I was mainly looking for pointers on how to organize protobuf definitions, wire up server-side metrics and interceptors, and build ergonomic client wrappers. The default answer here is often “go read the Docker or Kubernetes codebase.” But both of those are pretty huge and take forever to get accustomed to.

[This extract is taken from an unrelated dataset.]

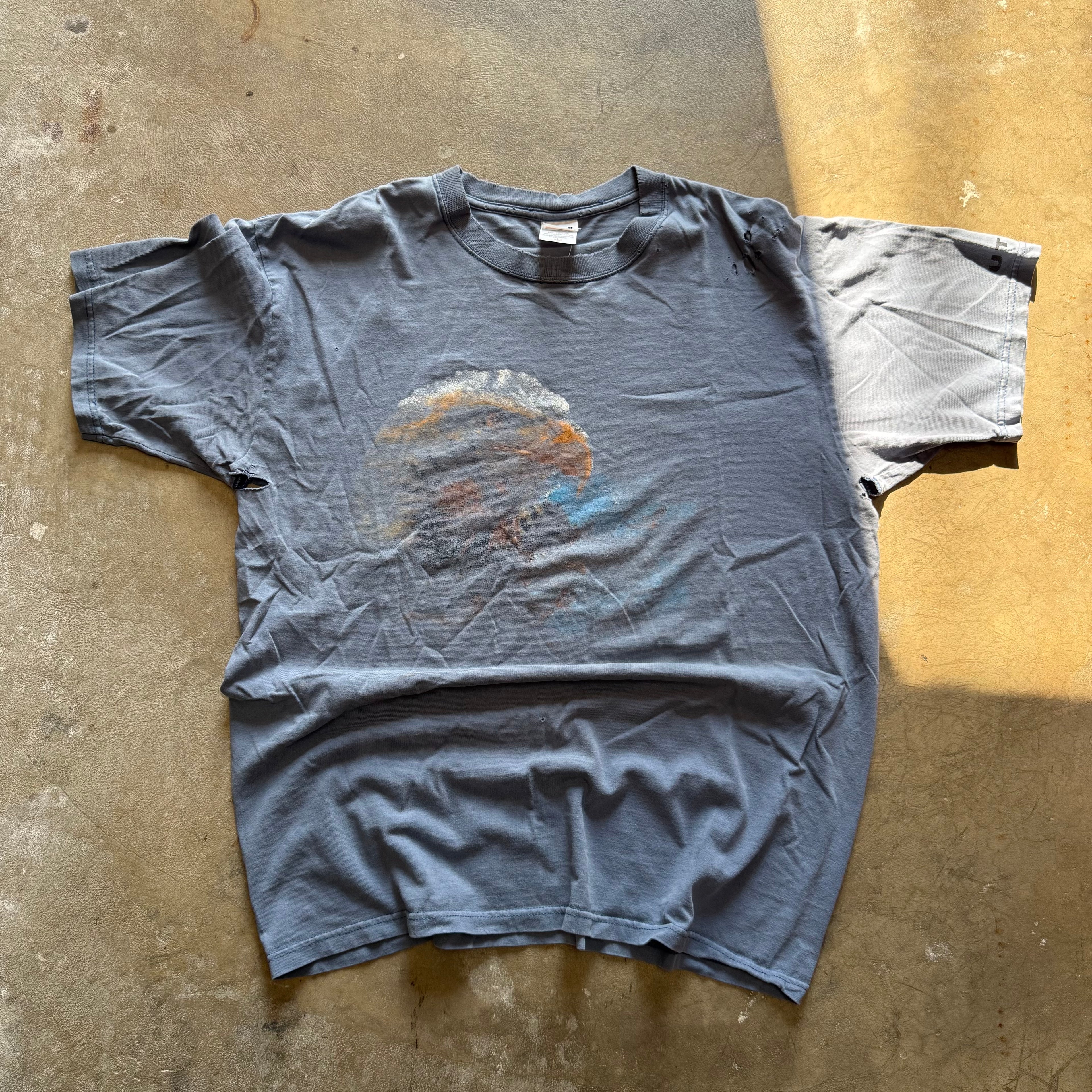 size large - vintage ' distressed eagle ' tee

Then I found etcd. It’s used by Kubernetes’ control plane for storing configs in a consistent manner. It exposes a small set of well-defined gRPC endpoints to interact with the storage layer. The core services are defined in a single rpc.proto file:

service KV {
  rpc Range(RangeRequest) returns (RangeResponse);
  rpc Put(PutRequest) returns (PutResponse);
  rpc DeleteRange(DeleteRangeRequest) returns (DeleteRangeResponse);
  rpc Txn(TxnRequest) returns (TxnResponse);
  rpc Compact(CompactionRequest) returns (CompactionResponse);
}

// ...

The full file also defines Watch, Lease, Cluster, Maintenance, and Auth services. Grokking that file and the surrounding api directory is a good way to learn how to organize your protobufs and generated code. Some other things I picked up:

Proto definitions live under api/, separated into subpackages like etcdserverpb, mvccpb, authpb. Generated Go code lives alongside the proto files.
The RPC handler implementations live under server/etcdserver/api/v3rpc. key.go implements the KV service (Range, Put, DeleteRange, Txn, Compact), and the other services follow the same pattern in watch.go, lease.go, member.go, maintenance.go, auth.go.
grpc.go shows how to assemble a gRPC server with chained unary and stream interceptors using go-grpc-middleware.
Server-side Prometheus metrics are wired in grpc.go via grpc_prometheus.ServerMetrics interceptors. It optionally enables latency histograms when the metric type is extensive.
metrics.go defines custom Prometheus counters and histograms on top of the standard gRPC ones, things like etcd_network_client_grpc_sent_bytes_total and watch stream durations.
interceptor.go handles logging. newLogUnaryInterceptor logs request/response sizes at warn level when latency exceeds a threshold.
The client has no built-in metrics. The clientv3 README says you can wire up go-grpc-prometheus yourself, but the library doesn’t do it for you.
retry_interceptor.go implements client-side retry with backoff, safe retry classification for read-only vs mutation RPCs, and auth token refresh on failure.
The clientv3 package wraps the generated gRPC client behind a nicer Go API. I wrote about wrapping a gRPC client in Go using a similar approach.
If you’re a distributed systems nerd, etcd uses Raft for consensus. That part of the codebase is its own rabbit hole.

This has become my go-to whenever I’m wiring up another gRPC service at work. I’ve gotten comfortable enough with it over the last few weeks that I can point people to specific files when we need to make decisions.